Previously, we made tomato sauce by cutting up the tomatoes into halves or quarters and then chopping them in a food processor. Then we cooked the sauce until all the pieces of tomato had softened before running it through a food mill to remove the skins and seeds. Then we cooked the resulting sauce with added spices until thickened.
The Instant Pot method is much simpler. Just cut the tomatoes in half or quarters and toss them into the instant Pot. Since the tomatoes collapse as they are pressure cooked, you can fill the pot right to the max if you have that many tomatoes. We didn’t have that many yet so our pot was really only loosely 2/3 full. We weighed about 4.2 lbs of tomatoes in this first run.
Then pressure cook them for about 20 minutes. We first tried 10 minutes and they weren’t quite soft enough, so we added 15 more. Probably 20 would have been plenty. Since the tomatoes in the pot are mostly in their own water and not near the steam release spout, you can safely use Quick Release. But letting the pot cool naturally won’t hurt anything.
Then, place a food mill over another pot (sorry you still have to get two pots dirty) and scoop out the tomatoes. They should mush up quickly in the food mill and go through to the pot below. The skins and seeds remain behind.
Add the following to the sauce in the pot.

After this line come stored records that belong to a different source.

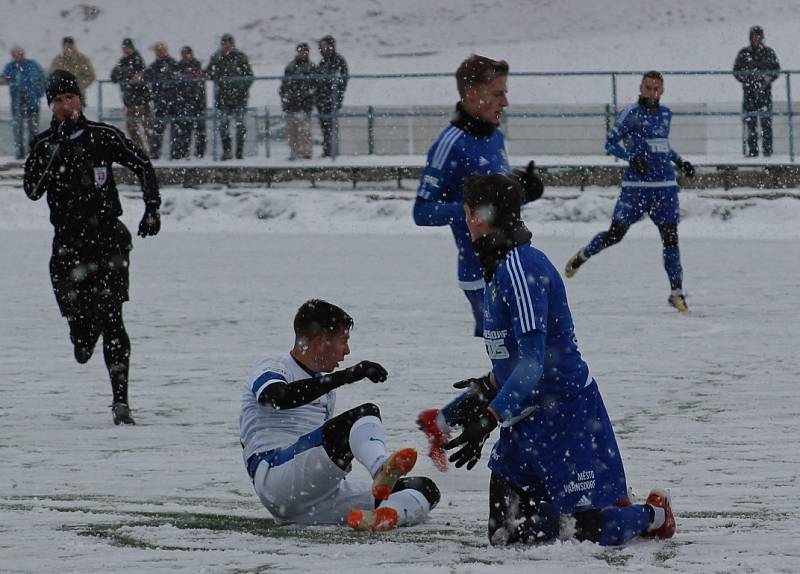 PŘÍPRAVA. Varnsdorf (v modrém) doma porazil Liberec U 21 5:2.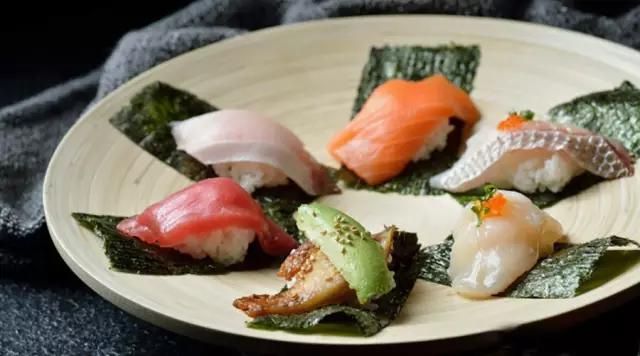 重庆美食街解放路,重庆美食巷子解放碑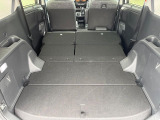 普段のお買い物や通勤、送迎等に十分な荷室スペースを確保しております。セカンドシートを倒すと、大きな荷物の積載も可能です♪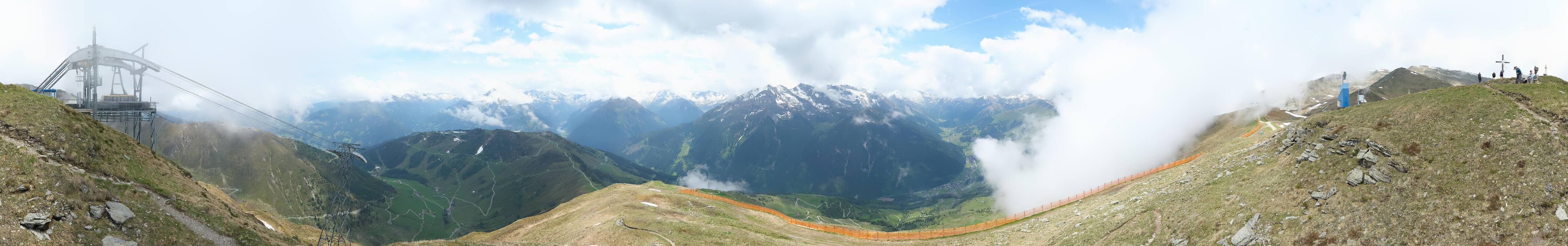 Archived image Webcam Tux - View from the Wanglspitze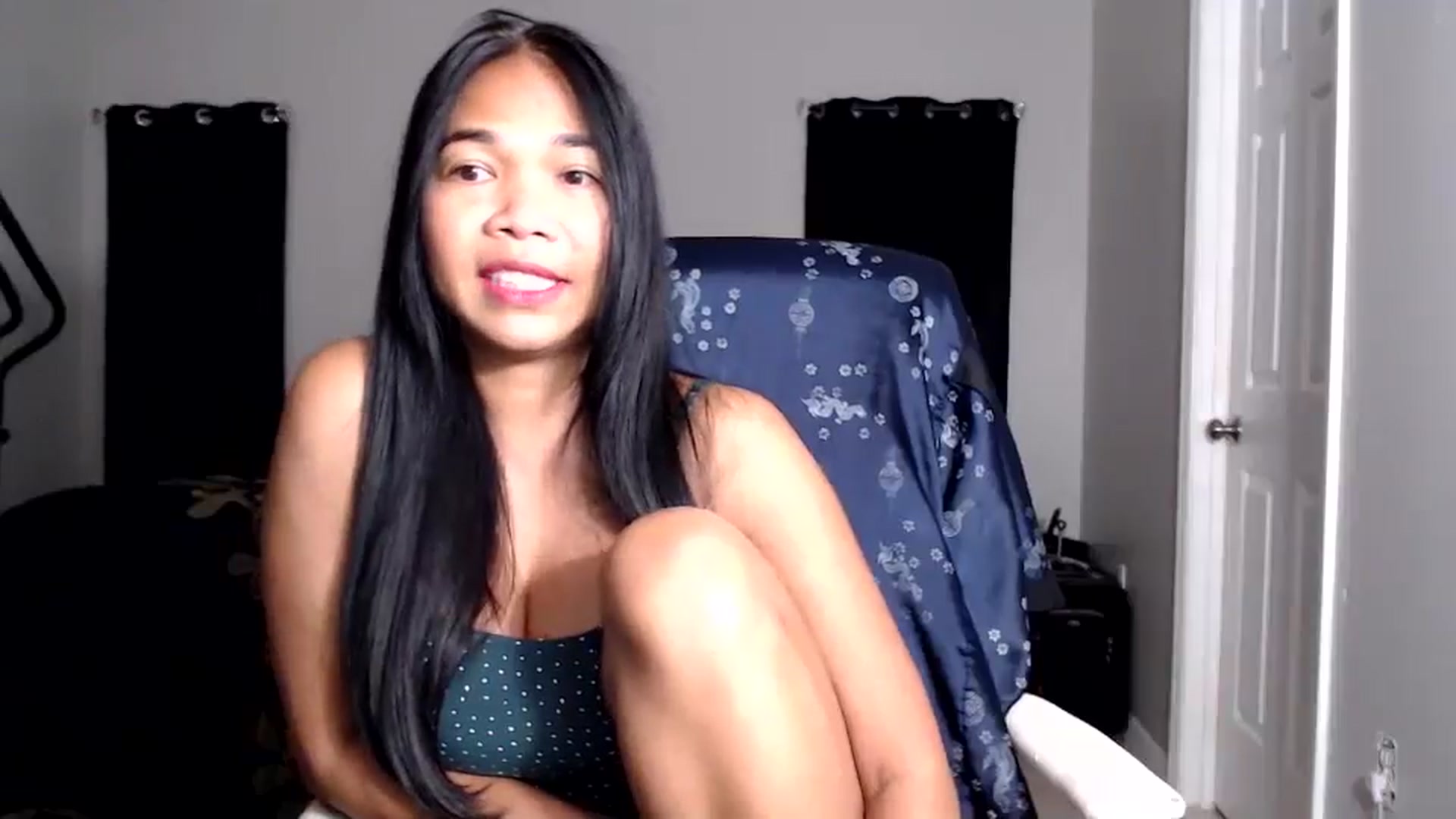Gallery image thumbnail from Littlekai2025's myfreecams stream on, 08/20/2025, 03:33 image 11 of 20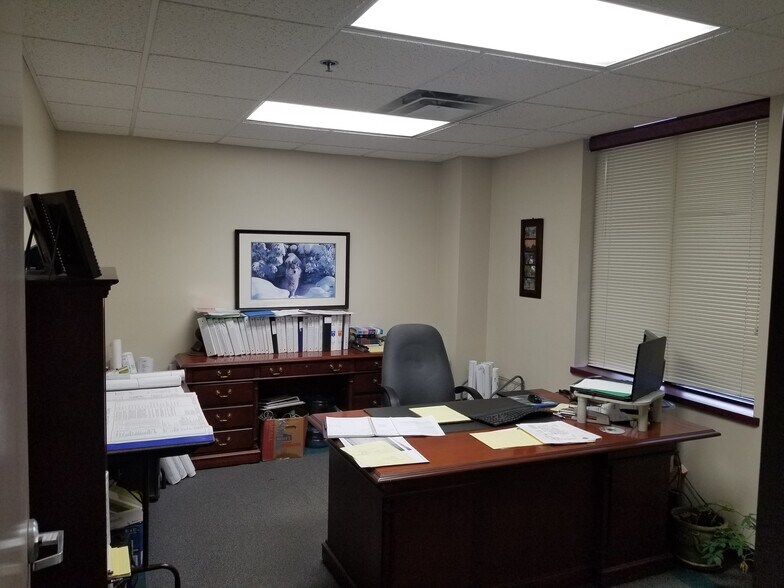 3190 Lenora Church Rd, Snellville, GA 30039 Office For Sale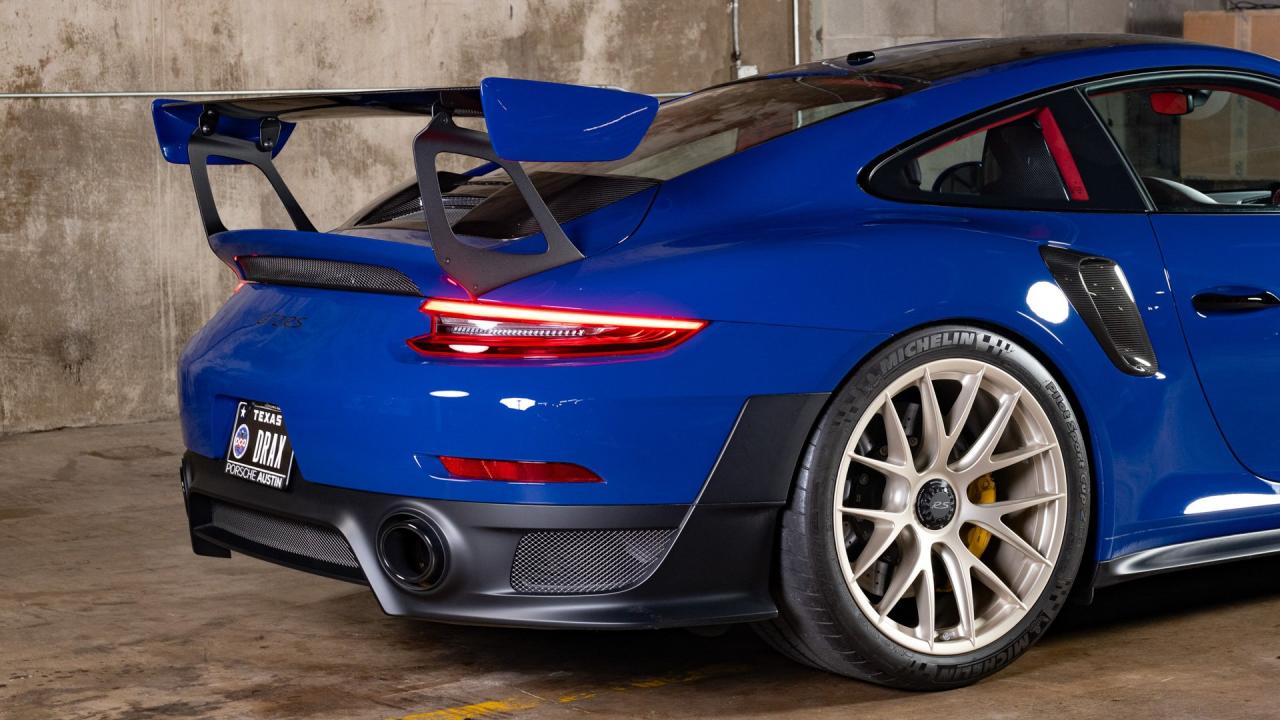 2019 Porsche 911 GT2 RS Weissach Package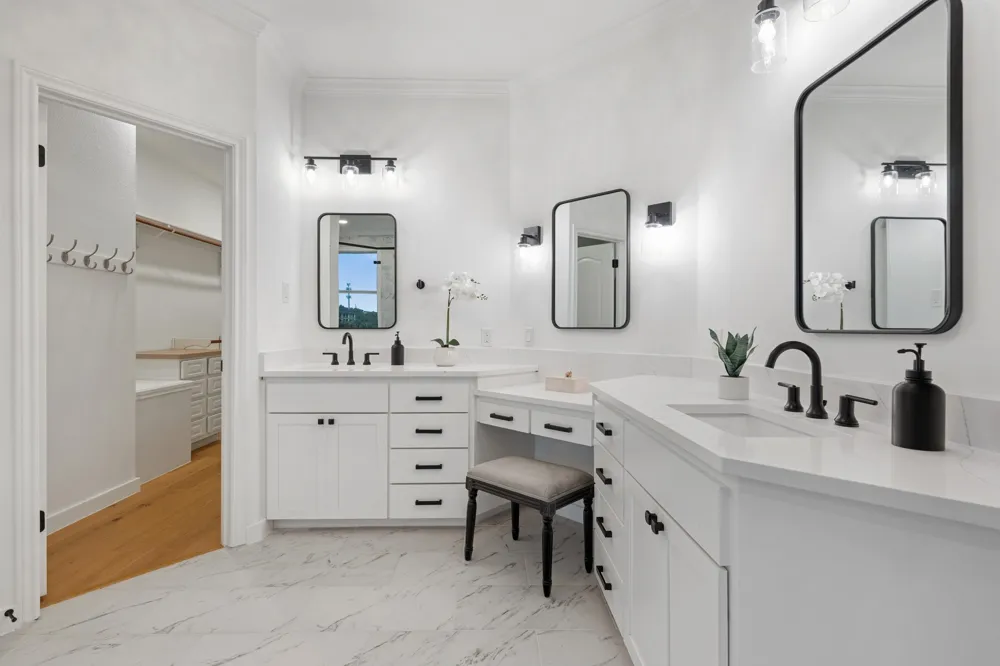 5000 Valburn Court Austin, TX 78731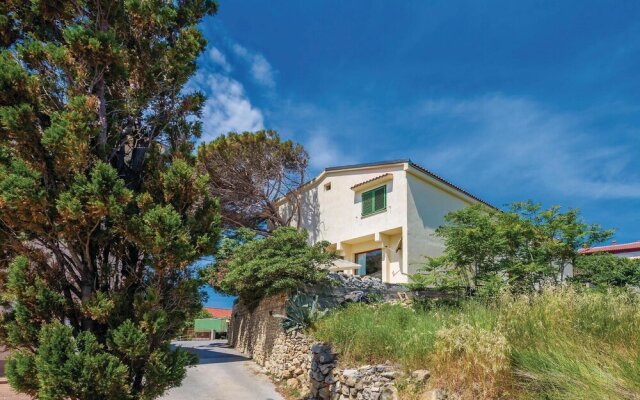Amazing Home in Mundanije With Wifi and 3 Bedrooms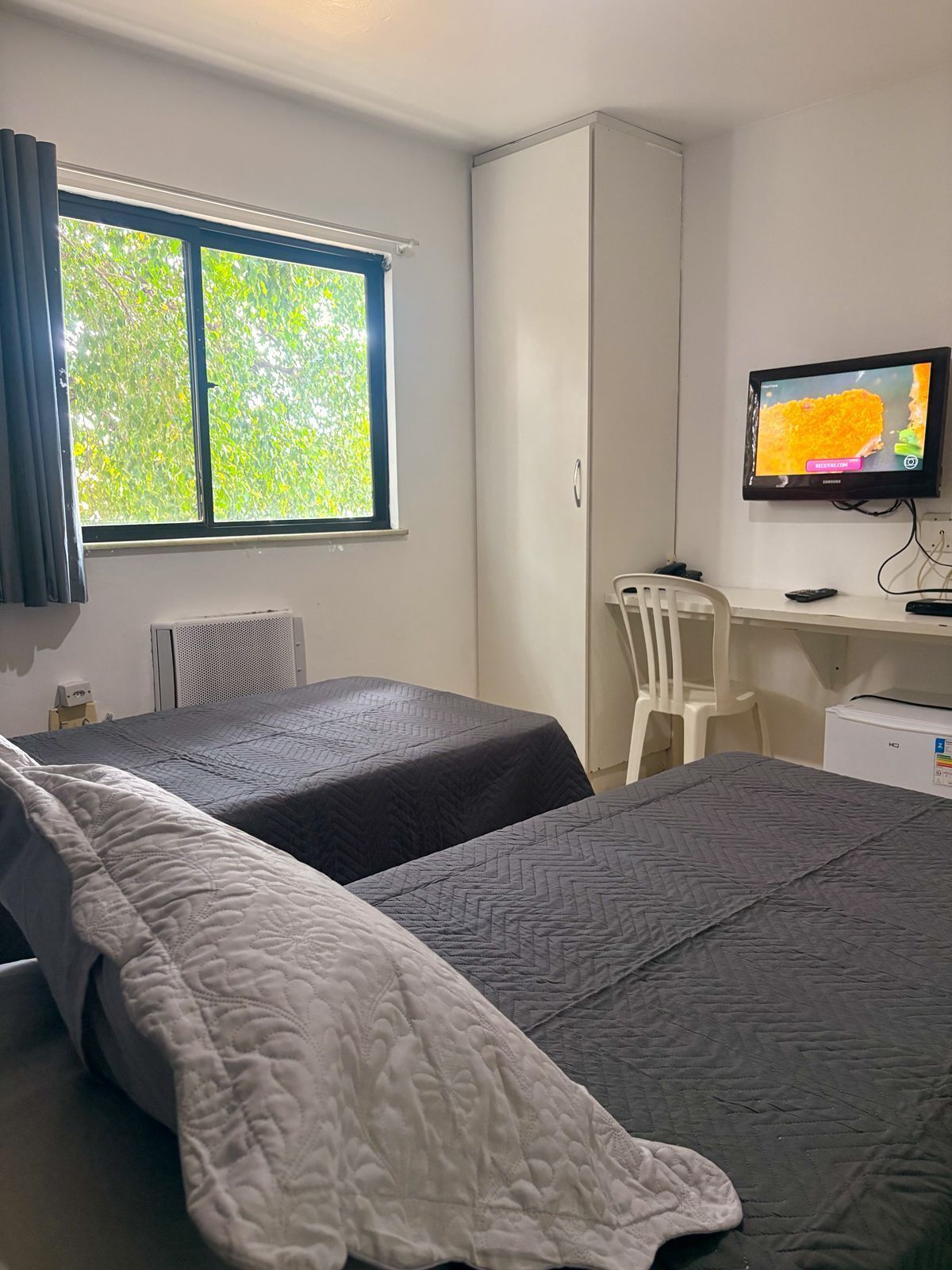 Chambre Standard avec lits jumeaux | Rideaux occultants, Wi-Fi gratuit, draps fournis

The amounts depend on your taste and the batch size.
- 1 Tb salt
- 1 Tb sugar
- 1 minced onion
- 2-3 Tb chopped parsley
- 2 bay leaves
- 2 Tb chopped basil
- 1 Tb oregano
- lemon juice (1 Tb per jar)
Cook until the sauce has thickened, about 30-40 minutes.
Sterilize mason jars and new lids in a pot of boiling water for 15 minutes. Drain them on a paper towel, add 1 Tb of lemon juice or 1/4 tsp citric acid, and then immediate fill with hot sauce. Wipe off the rims to make sure the lids will seal. Put on the lids and screw them down.
Put the jars back in the boiling water and sterilize for 30 minutes. Remove the jars and let them cool, Make sure each lid “pops” and is concave.
Now, while we didn’t have quite a full pot of tomatoes this time, we will soon. In fact, we usually can about 10 lbs at a time, and in this system, we would make one batch, run it through the food mill and then do another batch and run it through the food mill, and cook and can both batches of sauce at once. That’s way easier than the “old” way!